GLADYS KNIGHT AND THE O’JAYS HEADLINE A SPECIAL MOTHER’S DAY PERFORMANCE AT THE FOX THEATRE, MAY 8
Tickets On Sale Now
(DETROIT– February 26, 2016) — Gladys Knight and The O’Jays are returning to Detroit’s historic Fox Theatre, this time together in concert for a special Mother’s Day headlining performance on Sunday, May 8 at 7:30 p.m.
Tickets ($59.50, $99.50 and $125) are on sale now and can be purchased at OlympiaEntertainment.com, The Fox Theatre and Joe Louis Arena box offices, Hockeytown Authentics in Troy (without service charge) at all Ticketmaster locations and Ticketmaster.com. To charge tickets by phone, call (800) 745-3000. For additional information, call (313) 471-6611. Lineup is subject to change.
The great ones endure, and Gladys Knight has long been one of the greatest. Very few singers over the last fifty years have matched her unassailable artistry. This seven-time Grammy winner has enjoyed #1 hits in Pop, Gospel, R&B and Adult Contemporary, and has triumphed in film, television and live performance.
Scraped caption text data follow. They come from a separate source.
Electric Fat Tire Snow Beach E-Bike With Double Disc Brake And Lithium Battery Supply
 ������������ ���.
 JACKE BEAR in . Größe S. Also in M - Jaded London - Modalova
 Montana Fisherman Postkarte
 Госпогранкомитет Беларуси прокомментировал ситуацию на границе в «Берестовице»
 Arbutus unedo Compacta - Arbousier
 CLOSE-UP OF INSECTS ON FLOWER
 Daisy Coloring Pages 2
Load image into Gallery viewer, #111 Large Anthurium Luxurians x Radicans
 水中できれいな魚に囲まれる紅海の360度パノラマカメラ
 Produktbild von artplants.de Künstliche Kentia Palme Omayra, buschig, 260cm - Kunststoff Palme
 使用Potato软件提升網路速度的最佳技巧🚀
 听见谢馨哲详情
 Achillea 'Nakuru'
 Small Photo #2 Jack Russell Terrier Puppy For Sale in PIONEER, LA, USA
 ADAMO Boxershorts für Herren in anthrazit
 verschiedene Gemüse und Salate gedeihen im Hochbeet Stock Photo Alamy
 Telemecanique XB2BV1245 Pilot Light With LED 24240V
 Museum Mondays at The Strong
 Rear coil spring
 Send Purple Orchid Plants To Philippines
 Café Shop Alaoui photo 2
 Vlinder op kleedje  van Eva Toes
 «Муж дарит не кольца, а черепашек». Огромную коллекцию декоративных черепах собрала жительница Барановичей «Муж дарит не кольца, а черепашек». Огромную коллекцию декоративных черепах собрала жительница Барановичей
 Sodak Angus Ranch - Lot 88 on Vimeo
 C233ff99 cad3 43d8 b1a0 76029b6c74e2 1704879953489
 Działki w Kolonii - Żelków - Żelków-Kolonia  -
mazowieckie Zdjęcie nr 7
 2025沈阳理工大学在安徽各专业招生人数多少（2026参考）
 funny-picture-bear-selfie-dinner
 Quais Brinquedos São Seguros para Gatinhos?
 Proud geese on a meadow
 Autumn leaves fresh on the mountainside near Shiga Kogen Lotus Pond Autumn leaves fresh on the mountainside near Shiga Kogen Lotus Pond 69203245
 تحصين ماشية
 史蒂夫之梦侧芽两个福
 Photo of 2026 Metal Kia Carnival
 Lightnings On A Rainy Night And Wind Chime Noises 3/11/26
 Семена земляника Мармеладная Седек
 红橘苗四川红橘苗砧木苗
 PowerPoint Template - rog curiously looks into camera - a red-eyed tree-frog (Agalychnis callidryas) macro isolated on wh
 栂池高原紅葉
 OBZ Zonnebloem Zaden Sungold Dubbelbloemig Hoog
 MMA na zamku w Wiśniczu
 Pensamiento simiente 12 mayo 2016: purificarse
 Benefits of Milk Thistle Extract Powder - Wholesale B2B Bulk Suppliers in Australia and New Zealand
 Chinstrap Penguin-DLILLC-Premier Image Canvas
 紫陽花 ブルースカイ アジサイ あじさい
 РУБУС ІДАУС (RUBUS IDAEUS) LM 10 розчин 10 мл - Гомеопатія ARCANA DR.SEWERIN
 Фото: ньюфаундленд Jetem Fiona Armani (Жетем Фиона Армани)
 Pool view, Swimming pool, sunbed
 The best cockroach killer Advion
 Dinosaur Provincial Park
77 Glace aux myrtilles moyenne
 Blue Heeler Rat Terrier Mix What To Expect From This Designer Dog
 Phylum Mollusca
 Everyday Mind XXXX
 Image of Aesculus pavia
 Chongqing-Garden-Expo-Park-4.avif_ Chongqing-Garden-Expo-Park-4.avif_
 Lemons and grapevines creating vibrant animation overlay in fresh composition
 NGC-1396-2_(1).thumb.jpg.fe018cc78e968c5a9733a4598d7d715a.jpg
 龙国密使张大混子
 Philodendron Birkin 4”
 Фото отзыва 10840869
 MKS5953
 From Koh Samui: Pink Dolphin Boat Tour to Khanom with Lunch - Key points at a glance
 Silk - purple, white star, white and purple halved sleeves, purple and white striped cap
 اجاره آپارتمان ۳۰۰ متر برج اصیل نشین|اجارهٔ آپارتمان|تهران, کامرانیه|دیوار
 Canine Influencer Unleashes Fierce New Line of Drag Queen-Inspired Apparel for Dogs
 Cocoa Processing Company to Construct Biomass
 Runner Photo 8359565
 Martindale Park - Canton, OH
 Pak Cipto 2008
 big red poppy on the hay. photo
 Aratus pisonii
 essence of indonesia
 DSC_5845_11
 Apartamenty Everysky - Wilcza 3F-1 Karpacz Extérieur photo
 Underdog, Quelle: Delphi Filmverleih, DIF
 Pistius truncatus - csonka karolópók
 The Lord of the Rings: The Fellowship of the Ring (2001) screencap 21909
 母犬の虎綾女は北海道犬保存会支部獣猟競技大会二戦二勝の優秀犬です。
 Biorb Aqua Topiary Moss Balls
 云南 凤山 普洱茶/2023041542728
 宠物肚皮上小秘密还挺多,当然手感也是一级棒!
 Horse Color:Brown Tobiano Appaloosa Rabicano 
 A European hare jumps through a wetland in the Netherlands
In her first effort since 2013’s Another Journey – Knight’s 8th solo effort – the summer of 2015 marked the release of “Where My Heart Belongs”, a new inspiration gospel album. Knight is a two-time Grammy winner in the gospel category and recently won an NAACP Image Award for “Outstanding Gospel Album.”
Another Journey enjoyed success from the hit “I Who Have Nothing” as well as the up-tempo track “Settle,” produced by Randy Jackson, with whom she previously collaborated with on her Grammy-winning album, At Last. Knight also enjoyed the success of her song “You and I Ain’t Nothin’ No More” which appeared over the end credits of the critically acclaimed Lee Daniels film The Butler.
The O'Jays are touring history, a connection to an era and a sound that formed the soundtrack for the lives of several generations. The O’Jays are still hitting the road with the same electrifying energy they’ve had for over 50 years.
Walter Williams and Eddie Levert first met when they were the ages of six and seven respectively. As teenagers in Canton, Ohio, they formed a band originally consisting of Eddie Levert, Walter Williams, William Powell, Bobby Massey and Bill Isles.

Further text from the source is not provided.